In the early 80’ I started to work at a research division in the industry to develop a speech recognition system, however, the technologies were not matured to be deployed to the real system. Eventually, I obtained a chance to work for a newly launched research laboratory funded by the Japanese ministry and industries, named Advanced Telecommunication Research International, ATR, in Kyoto, where one of the main research topics was automatic speech interpretation.
Much innovative research had been conducted at ATR with international researchers and by collaboration with international research laboratories. Several years later I got an associate professor position at Nara Institute of Science and Technology, NAIST, which was a newly established national university having only graduate schools. NAIST provided a good environment and maximum freedom to start new research. I started hands-free ASR and multimodal ASR in mid ’90. However, the research progress is much slower compared with DARPA speech recognition and understanding projects in the United States. I decided to return to ATR to move the speech-related research forward, since ATR offered a department head position to me. We at ATR developed a speech-to-speech translation system for travel domain and led the commercialization of the network-based speech-to-speech translation service for a mobile phone in Japan. Our group moved to the National Institute of Information and Communications Technology to continue the development. At that time, the most important part to enhance the system performance was to collect more data, while I wanted to focus on developing the automatic simultaneous speech interpretation technology. Various new researches were necessary for that. Therefore, I moved back to NAIST seeking for a freedom to do fundamental research with motivated colleagues and graduate students. With the advent of deep learning, all kinds of information including natural language texts had come to be mapped into vector space, thus all of the modalities related to human information processing had fallen into a category of signal processing by then.

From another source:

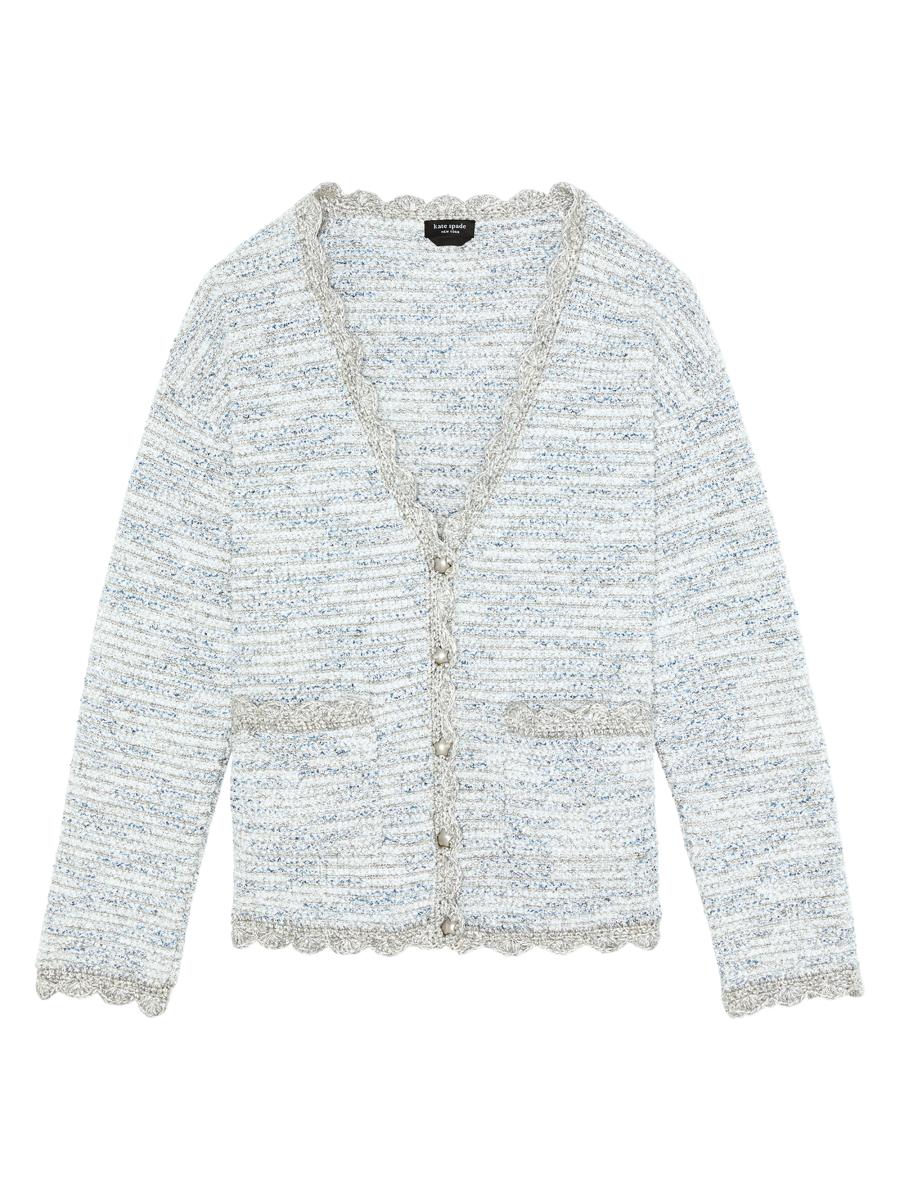 トップス DISCOVERED COCO TWEED KNIT CARDIGAN JKT kate spade new york Mainline Scalloped Tweed V-Neck Cardigan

2. How does your work affect society?
We at ATR established an international consortium for speech translation called CSTAR, Consortium for Speech Translation Advanced Research, collaborated with US, EU, and Asian research institutions in early ‘90. Later this consortium started an International Workshop on Spoken Language Translation, IWSLT, in 2004. The IWSLT also started various shared tasks to enhance the development of speech translation-related research.
In Japan, the speech translation technologies developed at ATR and NICT have been licensed to various industries and deployed to various services, including speech translation services for inbound and outbound tourists. It is expected that further research on the automatic speech interpretation technologies will help online speech interpretation services and speech dubbing of multiple languages.
3. What challenges have you had to face to get where you are today?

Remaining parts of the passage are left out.